Six days later, he was suspended by coach Dan Monson for a lack of academic commitment, a disciplinary measure which provoked Przybilla to leave the team.

Four months later, on June 28, Przybilla was selected 9th overall in the NBA draft by the Houston Rockets, then traded to the Milwaukee Bucks shortly thereafter.

Over a year has passed since Przybilla joined the professional ranks, and the 7-foot-1-inch center couldn’t be happier with his life as a whole.

“It’s been great, probably one of the best years of my life playing basketball,” the Monticello native said. “I’ve learned more this past year than I probably have in my whole life. It’s been a great experience, not only learning things on the court, but off the court as well.”

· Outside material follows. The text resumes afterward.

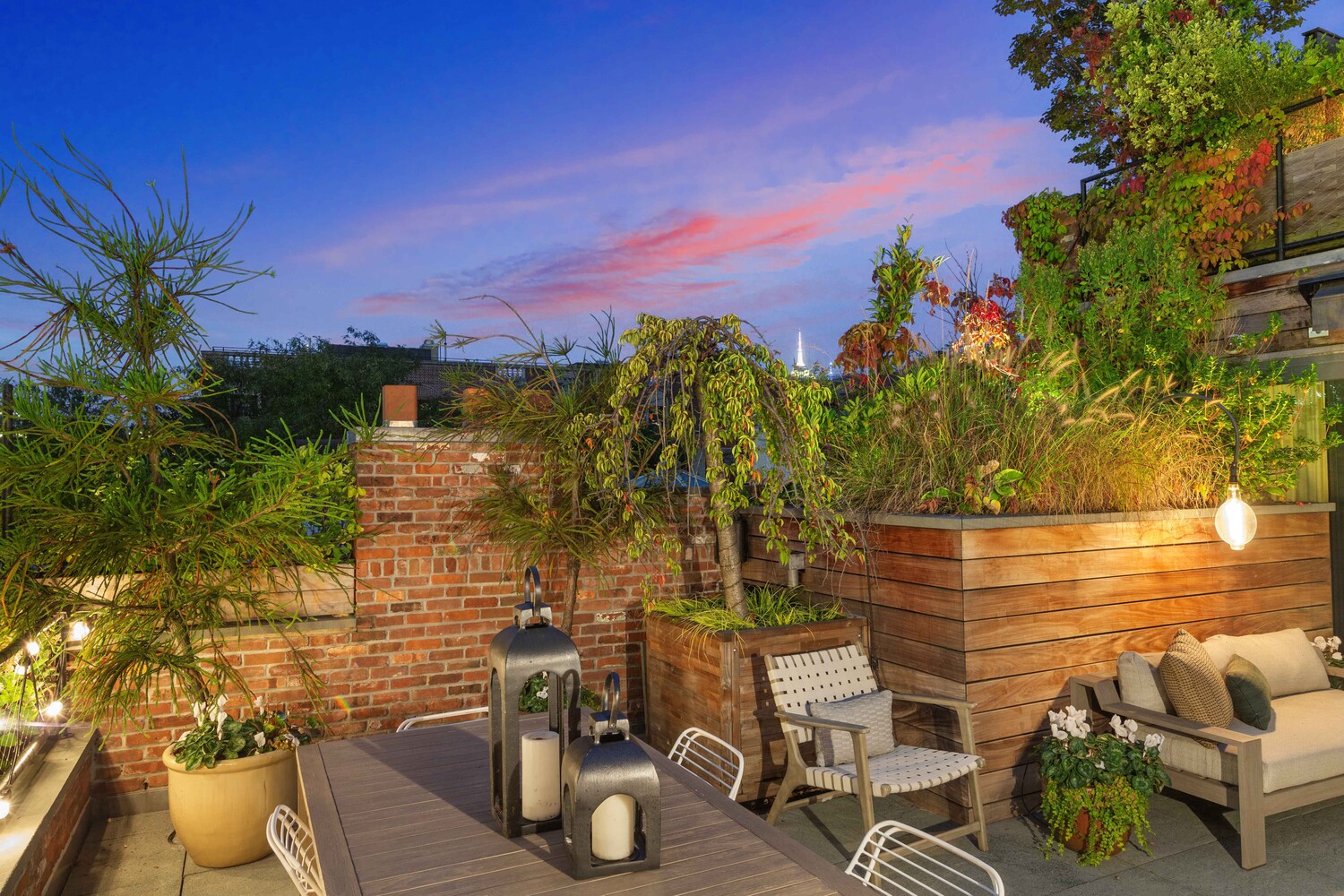 430 Hudson Street Manhattan, NY 10014 - Photo 21 of 35 a view of a terrace with sitting area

On a team full of veteran players at his position, Przybilla played sparingly as a rookie. He appeared in 33 games – starting 13 – and averaged just over eight minutes per night.

“It was a perfect situation for him in that he was able to learn the NBA game and develop his body, without having the pressure to perform or have the team rely on him,” Bucks assistant coach Terry Stotts said. “Many times high draft picks get picked by poor teams that really rely on their draft picks.”

Przybilla learned something new everyday this season. His teammates have aided in his development, especially Earvin Johnson. Przybilla has also learned a lot of little things he says can’t be seen when watching a game on television.

Przybilla has also reflected on a college career which came to an abrupt end, and the decision he made to leave his team during the season. Although he admits to making mistakes, he says he has no regrets.

“I used to think about (leaving the team), but I don’t anymore,” Przybilla said, adding he’ll likely finish his degree in the future. “Anything that I’ve decided or done I wouldn’t change because I’m in the best situation that I think I possibly could be. I’m getting paid to do what I love to do and that’s play basketball,” he said.

When Przybilla left the team, many Gopher fans felt betrayed, calling his decision selfish. Those fans made their presence felt on draft night at Target Center, booing Przybilla feverishly.

But teammate Dusty Rychart understood what was going on, and does not think less of Przybilla for leaving.

“That situation was very difficult for all of us, going from one coaching staff to another,” Rychart said. “I felt betrayed a little bit, but I also understood where he was coming from. There’s nothing that was damaged in our relationship at all. I know that the rest of our teammates don’t look at him any differently either. It’s a decision he had to make and he made it.”

Przybilla said things were moving “100 miles per hour” at the time, and feels it’s unfortunate some Gopher fans have negative opinions about him.

However, Przybilla realizes there is nothing he can do about the way others think. He understands living in the limelight puts every decision made under scrutiny.

“It’s made me a better person inside,” Przybilla said. “It’s made me closer to my family members and friends, and it’s made me realize who the people are that really love me. It’s opened my eyes up to that.”

Przybilla is getting used to the time commitment required of him. He admits to having a hard time getting motivated on a daily basis, but knows he must “give 110 percent” constantly.

Although Przybilla’s first-year statistics are meager, the Bucks have great expectations for their young pivotman.

“His progress is going to be important for the future of our team,” Stotts said. “I think you’ll see Joel’s role get progressively bigger as time goes on. Where he goes from that is up to him,” he said.

And how people choose to look at where he came from is up to them.